Description of key information

In the key (a single dose only) acute oral study (Bayer AG, 1979) in male rats, the LD50 was greater than 4800 mg/kg bw. There were no deaths or clinical signs of toxicity at this dose.  

In the key acute inhalation study (RCC, 1994), rats were exposed to a nose only single 4-hour exposure of a mixture of vapour and liquid D4. All animals showed initial body weight loss and slightly reduced food intakes. Hunched posture, stiff gait, ruffled fur were noted in all groups with restlessness and/or excitement during exposure among those animals that died.

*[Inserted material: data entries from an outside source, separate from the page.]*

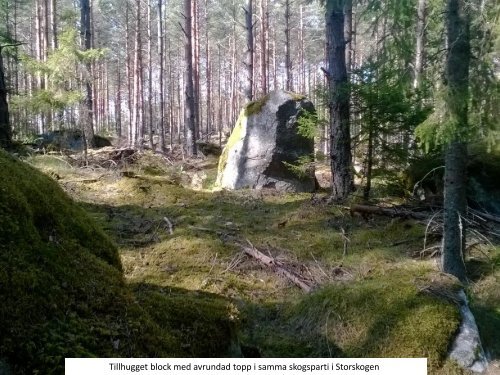 Stenmonumenten i Storvretabygden 2016  Sven-Inge Windahl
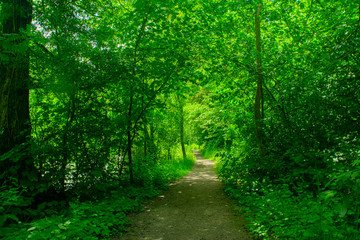 Fototapeta premium Small path in Dutch forest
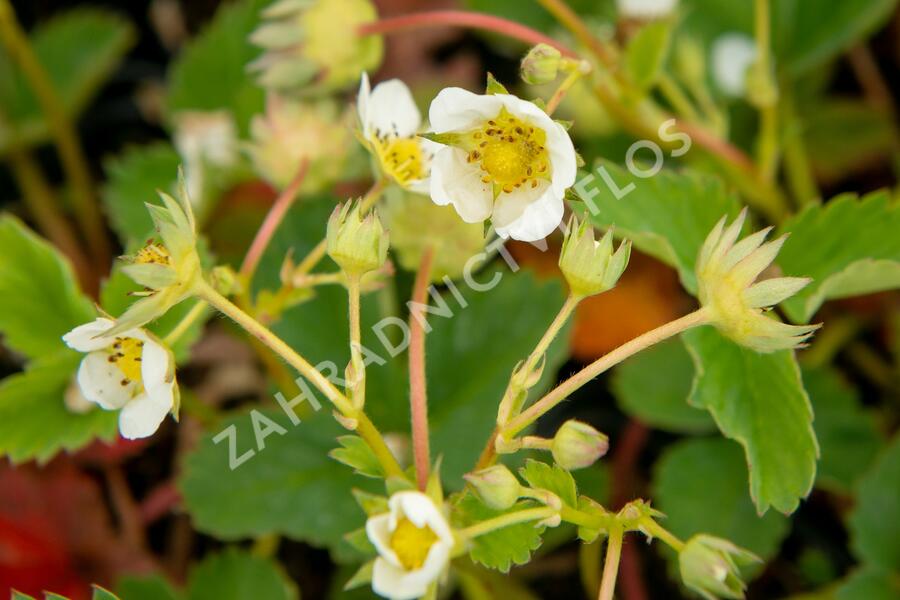 Jahodník jednouplodící 'Elvíra' - Fragaria ananassa 'Elvíra'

At necropsy, decedents had a red discoloration of the lungs which was likely due to the aerosol exposure. The LC50 was calculated to be 36 mg/L air/4h, corresponding to an atmosphere of 2975 ppm.  

The LD50 in the key dermal study (Bayer AG, 1985) in rats was >2.5 ml/kg bw (>2375 mg/kg bw based on density of 0.95 g/cm3). No deaths occurred and no clinical signs were observed following a single application of undiluted D4.  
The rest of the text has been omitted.